**Data segment**
▬▬▬▬▬▬▬▬▬▬

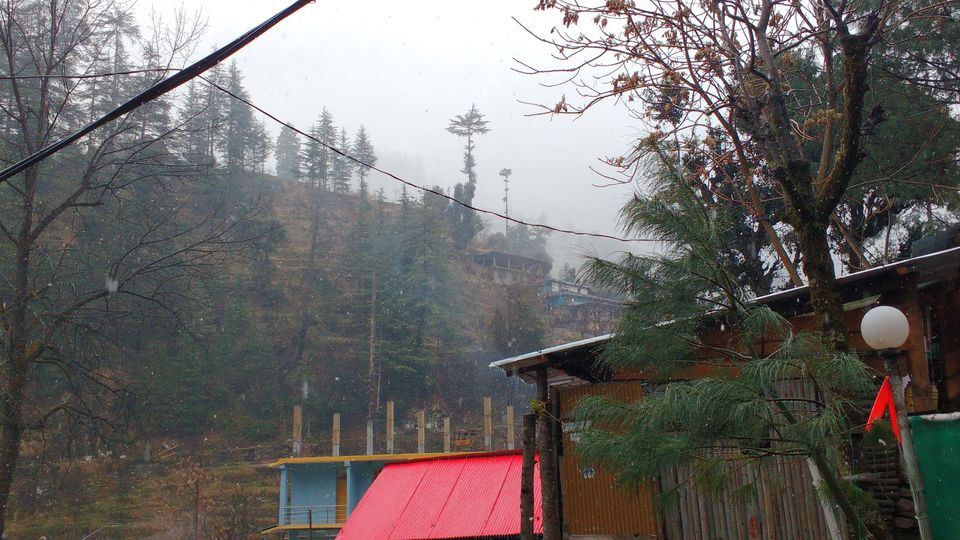 Photo of Jibhi: Our first Experience with Snowfall in Himachal! by Abhishek Tyagi
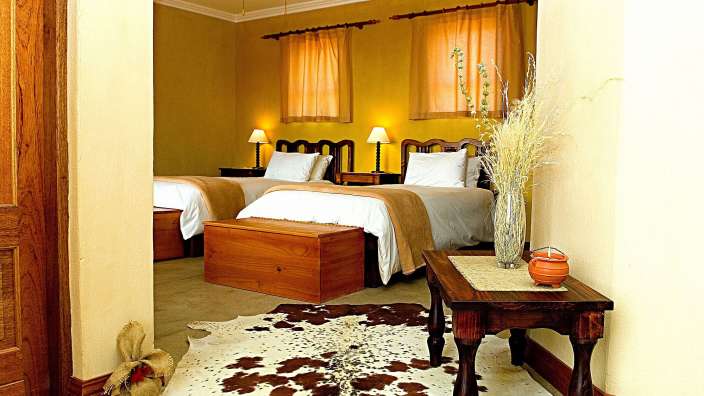 Ein Schlafzimmer mit zwei Einzelbetten und einem Deckenventilator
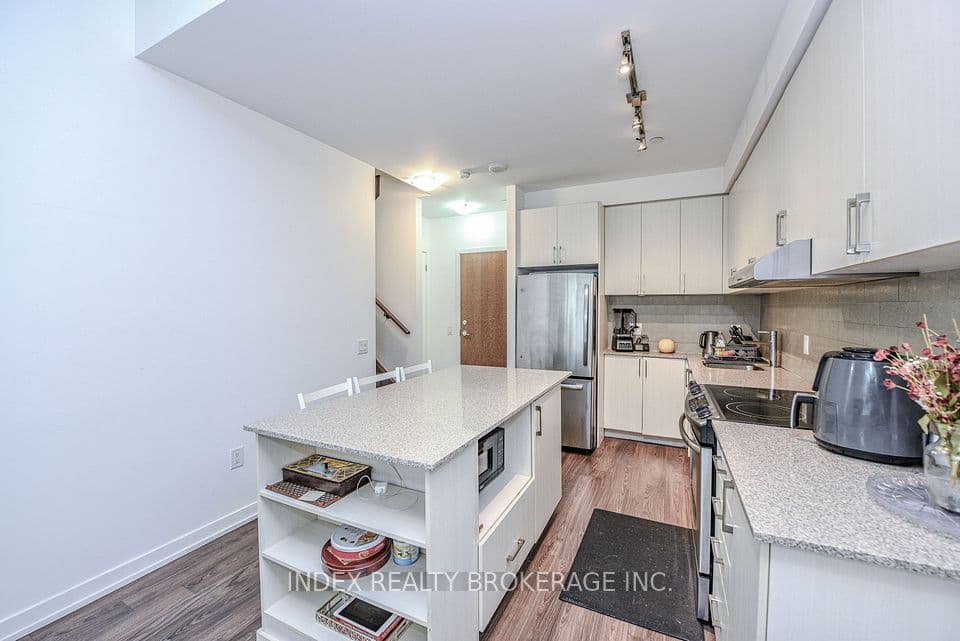2560 Eglinton Avenue 103, Mississauga, ON L5M 0Y3 – photo 3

▬▬▬▬▬▬▬▬▬▬

**Work request**
With every picture left out, print exactly the lines from the one containing "Ein Schlafzimmer mit" through the final line of the material above.

**Worked solution**
 Ein Schlafzimmer mit zwei Einzelbetten und einem Deckenventilator
2560 Eglinton Avenue 103, Mississauga, ON L5M 0Y3 – photo 3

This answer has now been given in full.